After a tow truck removed the SUV, someone suggested calling Bearizona, a 160-acre wildlife rescue park and conservation organization. Clark offered to transport the baby elk in her motorhome located off I-40 and Historic Route 66 in Williams.
No one at Bearizona was answering phones so early in the morning, but as she arrived at the park, she learned that DPS had gotten hold of the owner, Sean Casey, who met her there.
Clark’s children – a son, 13, and daughter, 15 – and her nephew and friend, participated in the rescue mission and named the tiny creature “Lucky.”
“The kids suggested the name Lucky. First, she was lucky to survive the accident and we were so lucky Bearizona opened at 8 a.m. on a Sunday and was able to take her in. She hadn’t been able to eat yet,” Clark said.
“I’m an ICU nurse. I know how fragile life is. I can’t believe she survived it. She got really lucky everything fell into place,” she said.
Dave O’Connell, Bearizona’s director of animal staff, said he rushed into work that morning and found Lucky bruised and cut up. The small animal required 20 staples.
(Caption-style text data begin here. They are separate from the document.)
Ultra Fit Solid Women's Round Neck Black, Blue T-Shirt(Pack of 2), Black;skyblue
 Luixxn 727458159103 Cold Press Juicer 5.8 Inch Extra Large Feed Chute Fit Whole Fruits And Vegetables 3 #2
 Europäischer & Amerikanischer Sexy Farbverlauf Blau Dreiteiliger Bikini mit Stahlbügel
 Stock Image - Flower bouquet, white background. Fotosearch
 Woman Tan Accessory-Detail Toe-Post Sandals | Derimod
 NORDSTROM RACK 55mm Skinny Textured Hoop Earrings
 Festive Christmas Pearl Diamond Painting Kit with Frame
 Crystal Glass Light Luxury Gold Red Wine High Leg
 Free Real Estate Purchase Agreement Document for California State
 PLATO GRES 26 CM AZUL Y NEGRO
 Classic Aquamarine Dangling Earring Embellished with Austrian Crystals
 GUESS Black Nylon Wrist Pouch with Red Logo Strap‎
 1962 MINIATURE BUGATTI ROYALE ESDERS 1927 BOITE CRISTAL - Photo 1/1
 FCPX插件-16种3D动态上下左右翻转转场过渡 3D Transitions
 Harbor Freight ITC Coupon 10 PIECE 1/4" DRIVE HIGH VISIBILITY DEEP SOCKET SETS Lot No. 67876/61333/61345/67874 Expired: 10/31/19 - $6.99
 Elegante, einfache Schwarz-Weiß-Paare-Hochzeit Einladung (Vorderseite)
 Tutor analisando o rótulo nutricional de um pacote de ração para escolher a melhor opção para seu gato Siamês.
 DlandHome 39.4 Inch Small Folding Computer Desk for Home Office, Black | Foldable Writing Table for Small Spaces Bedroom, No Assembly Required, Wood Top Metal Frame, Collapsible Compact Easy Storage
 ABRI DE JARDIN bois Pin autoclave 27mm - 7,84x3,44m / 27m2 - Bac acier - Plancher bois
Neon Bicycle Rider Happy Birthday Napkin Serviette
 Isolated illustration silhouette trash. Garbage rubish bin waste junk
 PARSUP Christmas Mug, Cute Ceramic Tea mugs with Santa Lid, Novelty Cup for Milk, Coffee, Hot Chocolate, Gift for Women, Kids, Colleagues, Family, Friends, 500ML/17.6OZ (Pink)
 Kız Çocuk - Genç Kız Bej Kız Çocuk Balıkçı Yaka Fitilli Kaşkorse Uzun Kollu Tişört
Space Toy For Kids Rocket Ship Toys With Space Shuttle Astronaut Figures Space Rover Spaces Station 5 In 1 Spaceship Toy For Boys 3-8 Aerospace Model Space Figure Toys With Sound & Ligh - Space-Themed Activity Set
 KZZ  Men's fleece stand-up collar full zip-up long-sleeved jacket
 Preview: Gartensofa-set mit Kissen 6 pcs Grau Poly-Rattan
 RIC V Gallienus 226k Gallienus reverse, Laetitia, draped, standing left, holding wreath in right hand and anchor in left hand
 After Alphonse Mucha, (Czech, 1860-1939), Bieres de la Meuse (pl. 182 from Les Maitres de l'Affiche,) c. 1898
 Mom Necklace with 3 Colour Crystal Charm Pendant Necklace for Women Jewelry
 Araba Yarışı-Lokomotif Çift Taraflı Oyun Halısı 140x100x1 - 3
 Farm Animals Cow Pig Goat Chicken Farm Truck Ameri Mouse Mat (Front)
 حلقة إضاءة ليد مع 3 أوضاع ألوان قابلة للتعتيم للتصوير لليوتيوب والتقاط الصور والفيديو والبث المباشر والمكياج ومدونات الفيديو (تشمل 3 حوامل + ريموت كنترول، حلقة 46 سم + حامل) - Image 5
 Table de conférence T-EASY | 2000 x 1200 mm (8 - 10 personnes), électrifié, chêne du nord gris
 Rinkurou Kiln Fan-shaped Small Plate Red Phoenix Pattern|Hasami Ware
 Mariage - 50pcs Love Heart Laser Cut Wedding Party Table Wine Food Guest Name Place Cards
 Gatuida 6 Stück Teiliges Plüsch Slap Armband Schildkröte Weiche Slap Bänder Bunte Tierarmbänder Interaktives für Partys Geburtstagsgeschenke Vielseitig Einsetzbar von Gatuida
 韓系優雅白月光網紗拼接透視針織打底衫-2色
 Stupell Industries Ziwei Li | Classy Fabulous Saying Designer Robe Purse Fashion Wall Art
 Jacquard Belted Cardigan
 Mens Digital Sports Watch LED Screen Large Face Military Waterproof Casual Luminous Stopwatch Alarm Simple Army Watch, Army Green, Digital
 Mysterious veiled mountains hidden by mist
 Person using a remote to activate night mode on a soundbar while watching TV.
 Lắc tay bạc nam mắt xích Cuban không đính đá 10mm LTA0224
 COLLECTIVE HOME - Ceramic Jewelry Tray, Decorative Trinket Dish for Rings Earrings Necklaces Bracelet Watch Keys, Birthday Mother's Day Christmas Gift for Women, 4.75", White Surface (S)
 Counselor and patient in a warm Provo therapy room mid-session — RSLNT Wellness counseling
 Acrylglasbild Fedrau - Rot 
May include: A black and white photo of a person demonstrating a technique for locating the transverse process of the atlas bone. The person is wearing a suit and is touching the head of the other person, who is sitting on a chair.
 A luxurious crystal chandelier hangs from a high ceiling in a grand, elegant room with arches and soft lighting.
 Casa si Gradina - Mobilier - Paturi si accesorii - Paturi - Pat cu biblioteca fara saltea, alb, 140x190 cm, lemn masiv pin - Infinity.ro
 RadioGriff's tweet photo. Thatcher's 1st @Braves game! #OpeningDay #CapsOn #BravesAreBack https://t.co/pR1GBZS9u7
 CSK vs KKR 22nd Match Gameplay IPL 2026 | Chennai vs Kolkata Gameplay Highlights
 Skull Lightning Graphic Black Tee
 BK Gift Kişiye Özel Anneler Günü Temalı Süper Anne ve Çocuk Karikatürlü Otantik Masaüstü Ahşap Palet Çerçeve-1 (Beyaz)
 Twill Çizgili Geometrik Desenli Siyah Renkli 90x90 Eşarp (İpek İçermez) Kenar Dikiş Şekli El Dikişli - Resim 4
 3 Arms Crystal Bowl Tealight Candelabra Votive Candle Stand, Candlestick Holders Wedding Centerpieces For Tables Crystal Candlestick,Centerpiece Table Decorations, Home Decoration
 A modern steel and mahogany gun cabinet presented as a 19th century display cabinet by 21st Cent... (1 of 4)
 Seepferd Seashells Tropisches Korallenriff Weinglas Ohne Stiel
“We got her all the care we could get her at the time,” O’Connell said. “We had no expectations she was going to make it – only hope. We didn’t know internally if anything was wrong.”
The first week, Lucky received around-the-clock care. Staff, including O’Connell, took Lucky home with them overnight in order to feed her elk formula every three hours.
“She’s doing great,” he said Wednesday, July 18. “Right now, she weighs 63.4 lbs., about double when we got her a month ago. She’s gaining weight every day and starting to nibble on the hay and pellets we have for her.”
Lucky also has made a friend, Jessie, a pronghorn fawn whose “rescuers” mistakenly thought abandoned near Paulden about six weeks before Lucky’s arrival. Game and Fish officials were unable to safely reunite the fawn with its mother, fearing dogs would get to it first, so they called Bearizona, O’Connell said.
Clark visited Bearizona Friday, July 13, and said Lucky was doing great.
“It’s really a miracle. She’s healed up; she’s gotten huge. They were feeding her with a 2-liter bottle of milk, and she was following everybody around,” she said.
The public can see Lucky and Jessie at Bearizona daily from 8 a.m. to 4:30 p.m. They are located next to the bobcats and the reindeer barn. Bearizona is open until 6 p.m., but staff moves the young animals indoors for the night.